> **Data block**
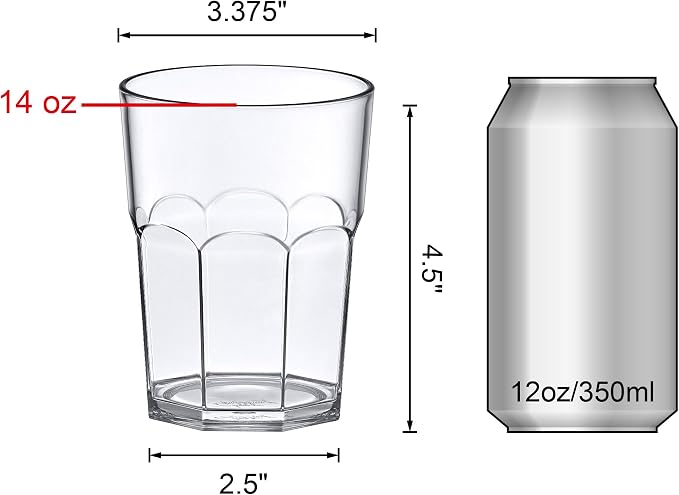 Amazing Abby - Affinity - 14-Ounce Plastic Tumblers, Plastic Drinking Glasses - Image 4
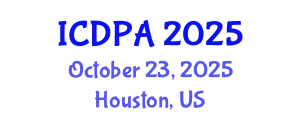 International Conference on Developmental Psychology and Adolescence (ICDPA) October 23, 2025 - Houston, United States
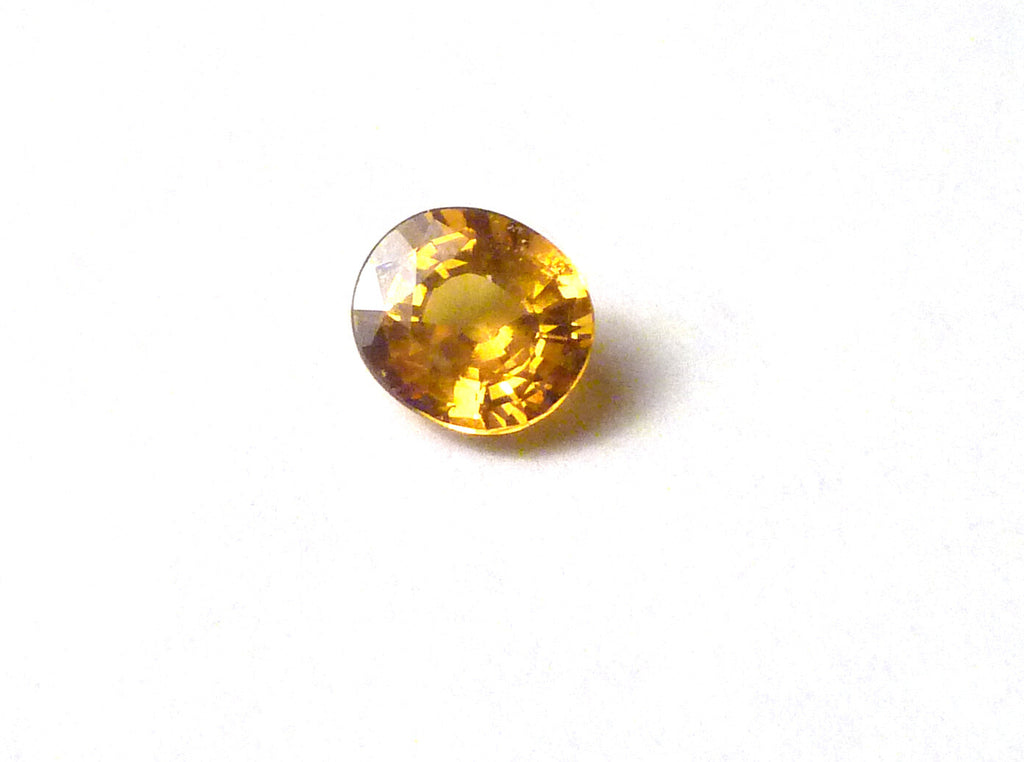 VVS 1.09 Cts Natural Sapphire Golden Yellow Dazzling Finest Gemstone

> **Task instructions**
The entire listing above, word for word and without pictures, is what should be output.

> **Output**
 Amazing Abby - Affinity - 14-Ounce Plastic Tumblers, Plastic Drinking Glasses - Image 4
 International Conference on Developmental Psychology and Adolescence (ICDPA) October 23, 2025 - Houston, United States
 VVS 1.09 Cts Natural Sapphire Golden Yellow Dazzling Finest Gemstone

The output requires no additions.